From Paris to L.A., Nightlife Impresarios Set Their Sights on Hotels
Forget welcome champagne—how about an expertly crafted negroni at check-in? That’s the thinking behind a new breed of “bed & boîtes,” nightlife-centric crash pads where bellhops have been traded for bouncers, and a vibrant social scene is more important than thread count.
Leading the charge are Romée de Goriainoff, Olivier Bon, and Pierre-Charles Cros, the trio behind the Experimental Cocktail Club. Their Le Grand Pigalle (doubles from $217), in Paris’s Ninth Arrondissement, offers extras like mini-bars stocked with French whiskey, artisanal sodas, and DIY mixing tools, as well as a lounge that stays open until 3 a.m. “The traditional aspects of a hotel are a bit dusty,” de Goriainoff says. “Our experience has taught us that everything is linked—food, drinks, music, design.”
The concept of making the bar the backbone of a hotel was pioneered by Miami’s Freehand Hostel, where the Broken Shaker quickly became the city’s hottest hangout when it opened, three years ago. The bar’s front men, Gabe Orta and Elad Zvi, have now joined forces for an encore at the Freehand Chicago (doubles from $119), in the after-dark hotbed River North.

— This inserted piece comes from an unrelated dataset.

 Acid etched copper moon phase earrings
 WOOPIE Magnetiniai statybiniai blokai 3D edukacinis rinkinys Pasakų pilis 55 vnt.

Meanwhile, in L.A.’s Koreatown, Dave Kaplan and Alex Day, owners of New York’s Death & Co., just opened the Rooms at the Walker Inn (doubles from $250), 10 accommodations tucked behind their new spot, the Normandie Club. Each room comes with a bar cart, bottled libations, and hangover remedies. Guests also get priority at the inn’s eponymous, hard-to-book, 26-seat cocktail den, where the spirits-focused menu is developed at an on-site lab.